Range Resources Inc., which has 90% of this year’s capital spending riding on three onshore natural gas projects, last week reported record gas and oil output and stronger-than-expected net income for the first three months of 2009.

Output for the Fort Worth, TX-based independent was 416 MMcfe/d, which was 12% higher year/year and the 25th consecutive quarter of growth.

Lifted by hedging gains, net income in 1Q2009 rose to $32.6 million (21 cents/share) versus earnings of $1.7 million (1 cent) in the same period a year ago. Range in 1Q2008 took a $135 million noncash charge against earnings related to hedging. Lower commodity prices pressured revenue in 1Q2009, which fell to $203 million from $307 million a year ago.

“While our financial results reflect the decline in oil and gas prices, our operating results were strong, reflecting excellent first quarter drilling results,” CEO John Pinkerton told energy analysts during a conference call.

Three U.S. onshore gas plays are getting the bulk of Range’s capital spending, with the biggest by far in the Marcellus Shale. Range holds an estimated 900,000 net acres in the play. By the end of the year, output is expected to be 80-100 MMcf/d. By the end of 2010, Range hopes to double that number.

“We have so few rigs running there, but it’s the quality of the rigs,” said COO Jeffrey Ventura. “We have three rigs there now, and we’ll exit the year with six…We’re working on plans for 2010, and the early estimate is to double the 2009 exit rate.”

The Marcellus play offers “excellent economics,” with 3-4 Bcfe per well at a cost to complete of around $3-4 million, said Ventura. “Assuming a $7/Mcf gas price, our rate of return is 75%. At $5 gas, the rate of return is 46%. Assuming the same reserves, Nymex [New York Mercantile Exchange] could drop below $3 and these wells would still have a 20% rate of return.”

Across its U.S. portfolio, Range is running 15 drilling rigs, compared with 33 at this time last year. However, Pinkerton said fewer rigs worked to the company’s advantage in the first months of this year.

“We expended the majority of our leasehold budget in the first quarter to tie up key leases on attractive terms, especially as it relates to the Marcellus Shale play,” Pinkerton said. Now that it has more acreage in key resource areas, the sky’s the limit, he said.

Most of the talk is centered on the Marcellus Shale, but the company also has had exceptional initial production (IP) rates from wells in the Barnett leasehold and in the Nora Field.

In the Marcellus, Range completed a horizontal well with an IP rate of 7.9 MMcfe/d; it’s testing another with an IP of 10.7 MMcfe/d. Some prolific Barnett Shale wells include five new ones in southeast Tarrant County/Ellis County, TX, which tested at a combined IP rate of 19 MMcfe/d. A Parker County, TX, well tested at 5 MMcfe/d. In addition, a well in the Nora Field, in which Range holds a 50% stake, averaged an IP rate of 3 MMcfe/d over 30 days, which is believed to be the best result in the field to date.

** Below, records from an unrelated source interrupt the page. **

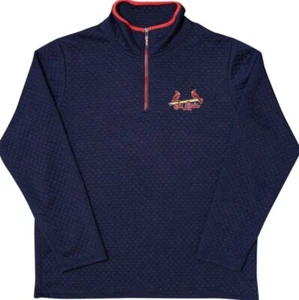 St Louis Cardinals Teachers Theme Quarter Zip Pullover - 6/25/24 SGA NIB Pick SZ - Picture 1 of 2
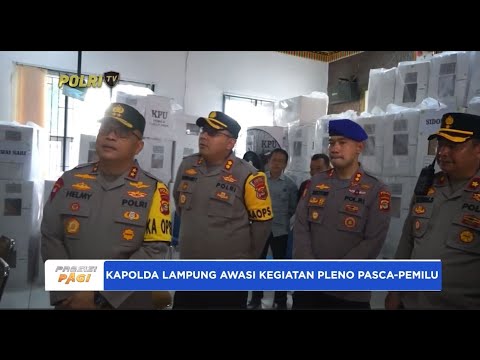 KAPOLDA LAMPUNG AWASI KEGIATAN PLENO PASCA
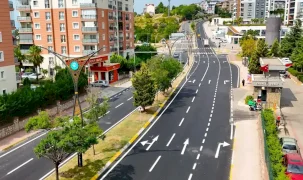 Kocaeli'de Santral Rampası yeniden çift yönlü trafiğe açıldı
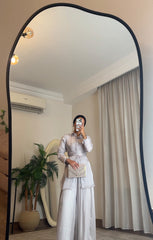 Sky Flow Organza Set – Soft Grey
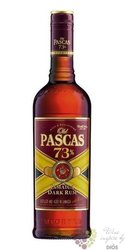 Old Pascas  73 Dark  very strong Jamaican rum 73% vol.  1.00 l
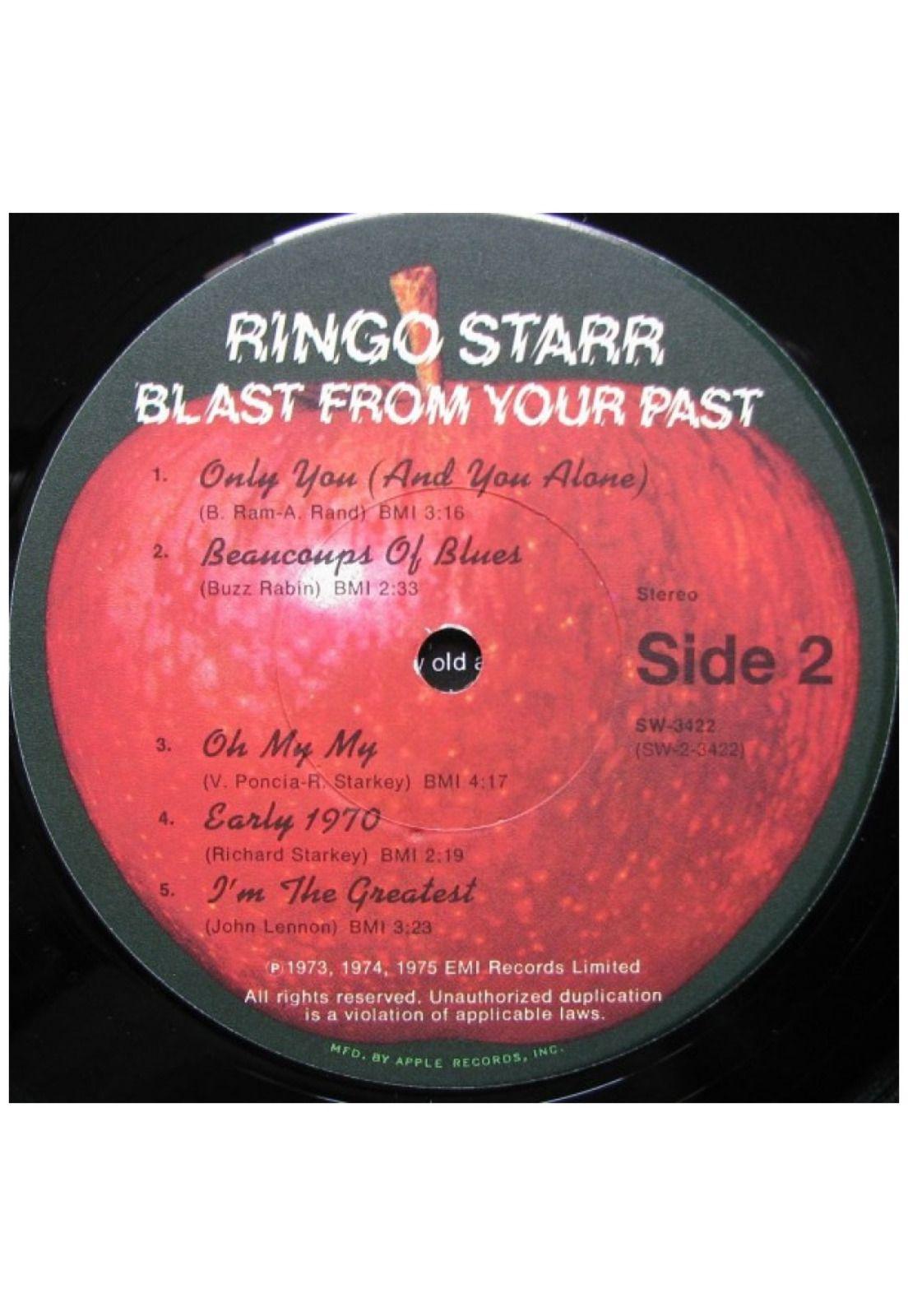 RINGO STARR - BLAST FROM YOUR PAST | VINILO USADO-3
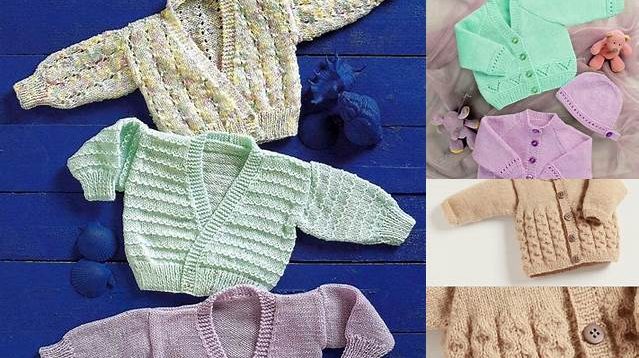 5833+ Free Knitting Patterns For Baby Cardigans Uk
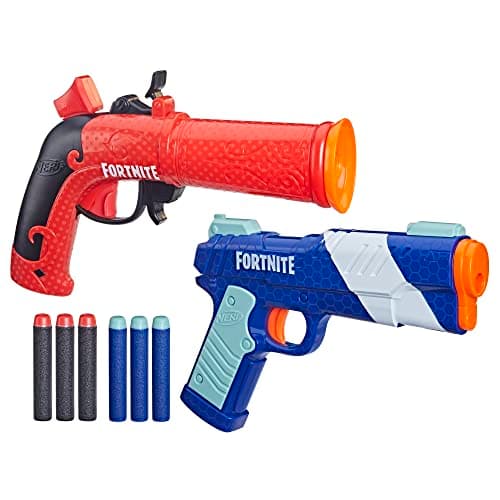 Image of Nerf Fortnite Dual Pack Includes 2 Fortnite Blasters and 6 Elite Darts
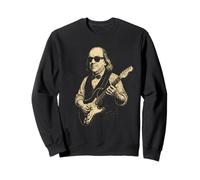 Ben Franklin Tocando la Guitarra Divertido 4 de Julio Retro Vintage Sudadera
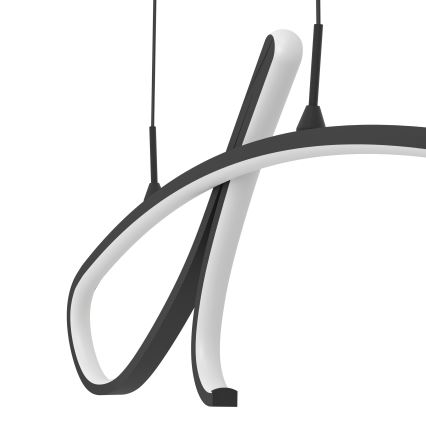 Eglo - Lampada a sospensione LED su cavo LED/20W/230V 2700/4000/6500K nera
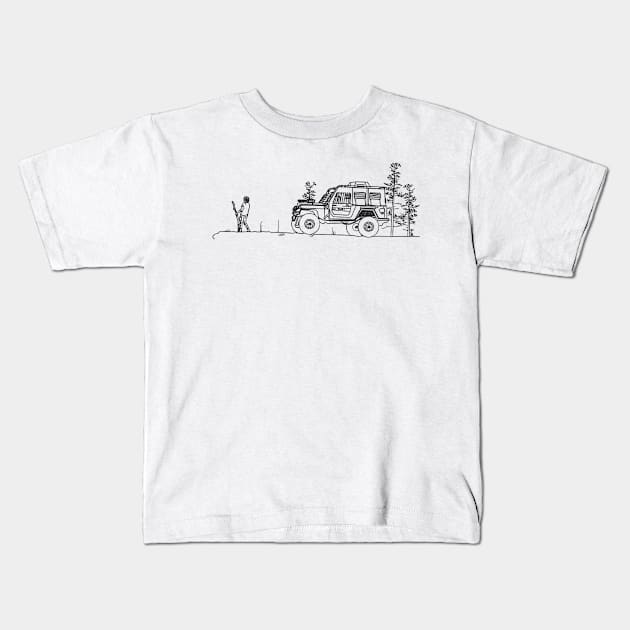 Clarke Griffin ft. Rover 1 Kids T-Shirt by freddyhlb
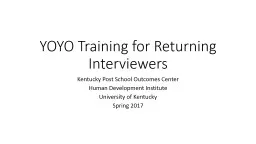 YOYO Training for Returning Interviewers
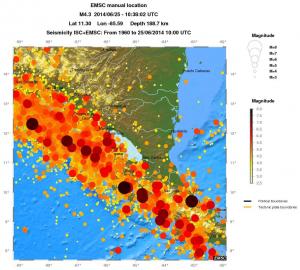 regional magnitude historical seismicity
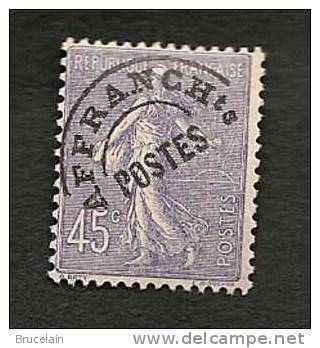 FRANCE  -  PRE OB   N°  46 -  *  - Cote 6  € - 1893-1947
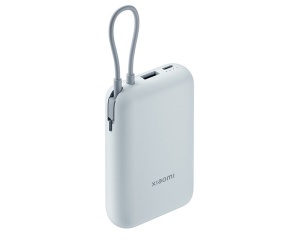 XIAOMI Power Bank 10000mAh (Integrated Cable) Ice Blue (BHR9073GL)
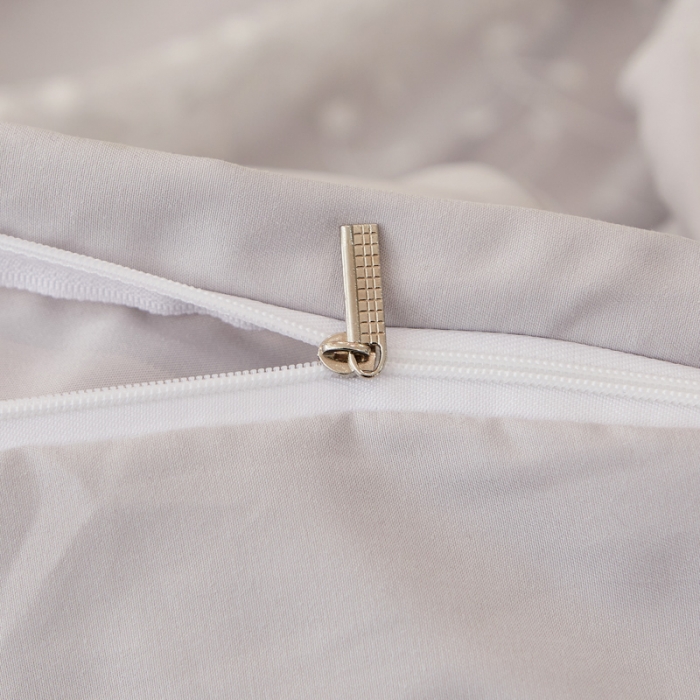 91家纺网 家纺一手货源 找家纺 恋尚 2023新款纯色雪花绒夹棉蕾丝床裙四件套（四季款） 玫瑰公主-浅灰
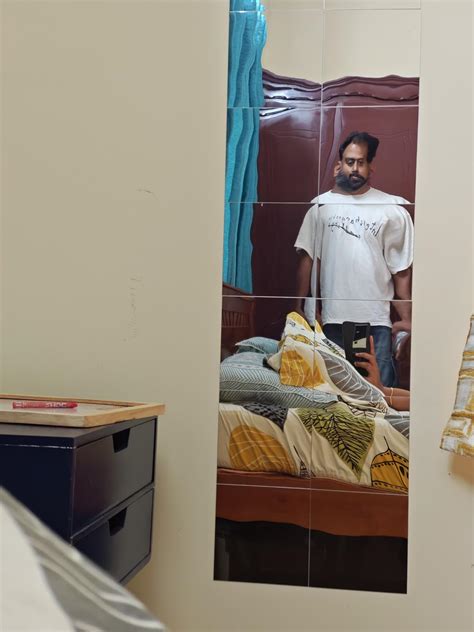 Buy WAKAI VISUAL Square Mirror Wall Stickers, 15 x 15 cm, 10 Pieces ...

“Range beat the high end of our guidance in the quarter,” said Pinkerton. “We drilled 101 wells on schedule, and we’re pleased with the drilling results. Despite lower prices, we continue to create effective returns on capital…”

Realized prices fell 31% from a year ago to an average of $6.62/Mcfe. Average gas prices went down 30% to $6.47/Mcf; the average oil price decreased 15% to $59.64/bbl.

“If gas prices behave as we anticipate, it’s likely we will begin to hedge again later this year,” Pinkerton said. Even if prices continue to stagnate, Range has “sufficient liquidity” to meet its needs.

“I’m most pleased with what happened on the cost side,” said the CEO. “Costs were controllable, well aligned with expectations and well below last year. All said, with the momentum from our existing drilling, we currently believe we will hit a 10% production growth target, even after taking hits from asset sales into account.”